◆ INPUT MATERIAL ◆
════════════════
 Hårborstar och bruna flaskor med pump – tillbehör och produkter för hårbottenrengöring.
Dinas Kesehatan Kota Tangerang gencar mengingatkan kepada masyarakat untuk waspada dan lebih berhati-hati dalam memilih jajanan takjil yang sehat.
════════════════
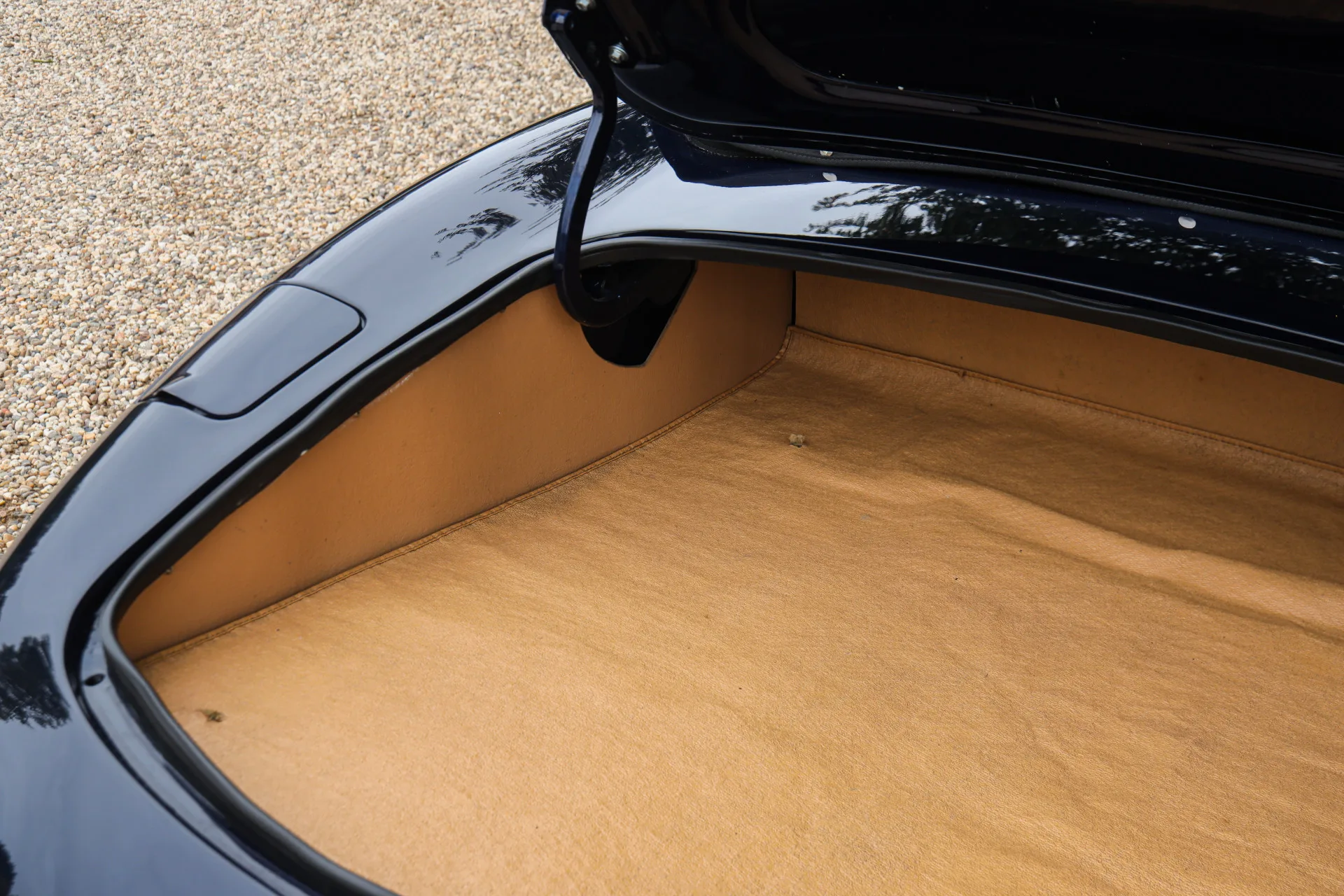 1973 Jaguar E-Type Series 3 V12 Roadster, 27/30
════════════════
◆ WORK TO BE COMPLETED ◆
What you return must be the lines above that run from the line with "Hårborstar och bruna" to the line with "Dinas Kesehatan Kota", inclusive, each copied exactly.

◆ RESPONSE BOX ◆
 Hårborstar och bruna flaskor med pump – tillbehör och produkter för hårbottenrengöring.
Dinas Kesehatan Kota Tangerang gencar mengingatkan kepada masyarakat untuk waspada dan lebih berhati-hati dalam memilih jajanan takjil yang sehat.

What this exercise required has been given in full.